*** Data excerpts

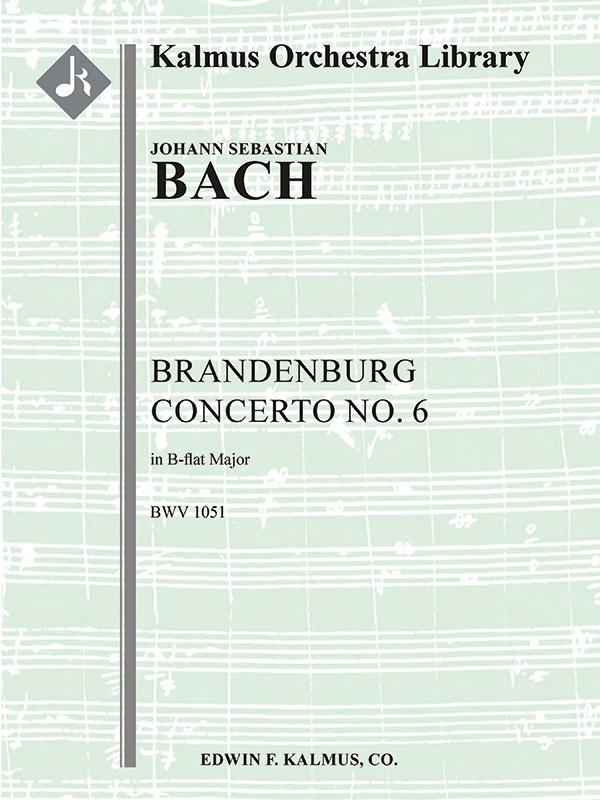 Brandenburg Concerto No. 6 In B-Flat, Bwv 1051 Conductor Score & Parts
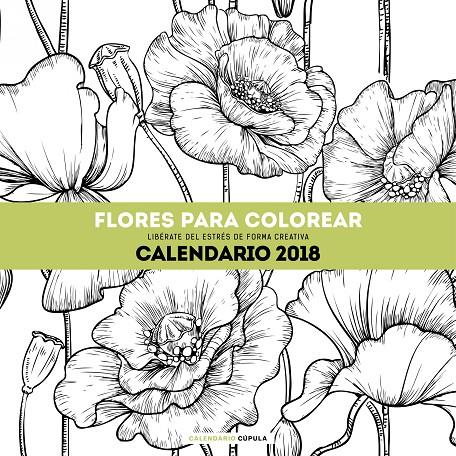 CALENDARIO FLORES PARA COLOREAR 2018 | 9788448023560 | Galatea Llibres | Librería online de Reus, Tarragona | Comprar libros en catalán y castellano online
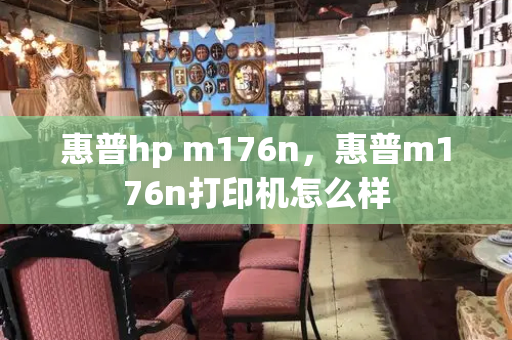 惠普hp m176n，惠普m176n打印机怎么样
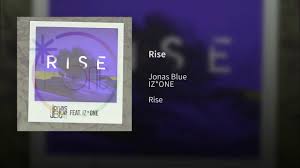 Izone is a cover song by izone in english from the original song rise feat. Rise Jonas Blue Feat Izone Youtube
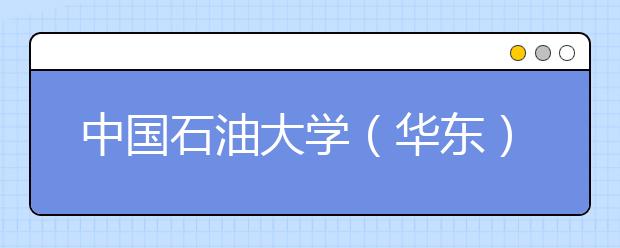 中国石油大学（华东）2011年保送生、自主选拔录取招生简章 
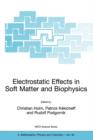 Image for Electrostatic effects in soft matter and biophysics  : proceedings of the NATO Advanced Study Institute, Les Houches, France, 1-13 October 2000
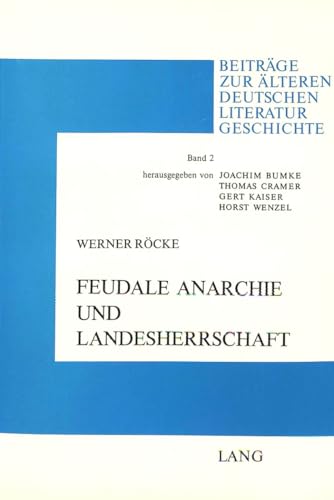 Beispielbild fr Feudale Anarchie und Landesherrschaft. Wirkungsmglichkeiten didaktischer Literatur: Thomasin von Zerklaere "Der Wlsche Gast". zum Verkauf von Antiquariat Bader Tbingen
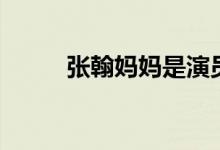 张翰妈妈是演员吗(张翰的妈妈)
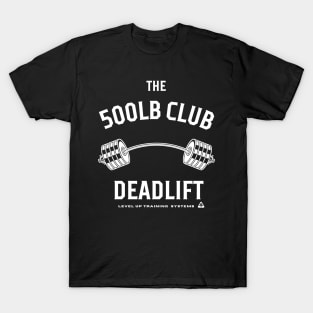 500lb Deadlift Club - Powerlifting T-Shirt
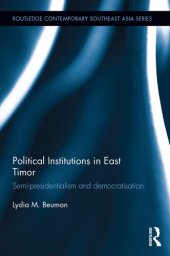 book Political Institutions in East Timor: Semi-Presidentialism and Democratisation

******

## Brief
Exactly the lines starting at the one above with "惠普hp m176n，惠普m176n打印机怎么样" and ending at the one with "张翰妈妈是演员吗(张翰的妈妈)" should be printed, and nothing else. Omit the pictures.

## Task response
 惠普hp m176n，惠普m176n打印机怎么样
 Izone is a cover song by izone in english from the original song rise feat. Rise Jonas Blue Feat Izone Youtube
 中国石油大学（华东）2011年保送生、自主选拔录取招生简章 
 Image for Electrostatic effects in soft matter and biophysics  : proceedings of the NATO Advanced Study Institute, Les Houches, France, 1-13 October 2000
 Beispielbild fr Feudale Anarchie und Landesherrschaft. Wirkungsmglichkeiten didaktischer Literatur: Thomasin von Zerklaere "Der Wlsche Gast". zum Verkauf von Antiquariat Bader Tbingen
 张翰妈妈是演员吗(张翰的妈妈)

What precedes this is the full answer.